**Recorded information:**

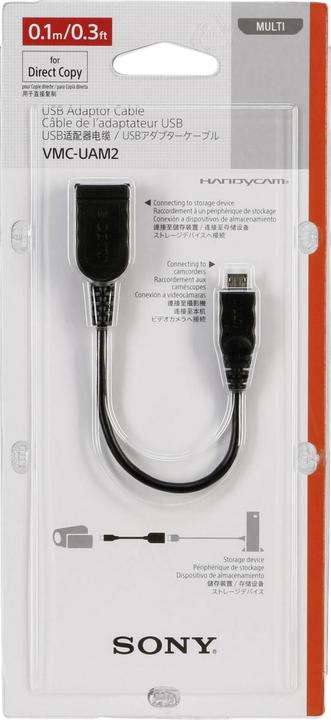 Produktbild Sony USB-Adapterkabel VMC-UAM2 (Multi-Terminal/USBA) (1.50 m, USB 2.0)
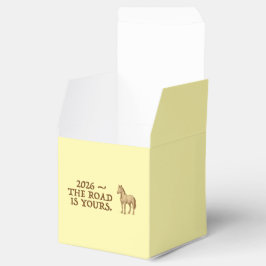 Favor Box with motivational text and horse Bedankdoosjes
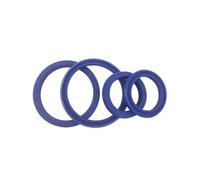 UN Blue ID 22mm~25mm OD 28mm~50mm PU Seal - Reliable For Car Crankshafts/Agricultural Pumps | Leak-Proof(25x37x7mm x5pcs)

**Required action:** Your answer must be an exact copy of the listing, minus its pictures.

**Result for this task:**
 Produktbild Sony USB-Adapterkabel VMC-UAM2 (Multi-Terminal/USBA) (1.50 m, USB 2.0)
 Favor Box with motivational text and horse Bedankdoosjes
 UN Blue ID 22mm~25mm OD 28mm~50mm PU Seal - Reliable For Car Crankshafts/Agricultural Pumps | Leak-Proof(25x37x7mm x5pcs)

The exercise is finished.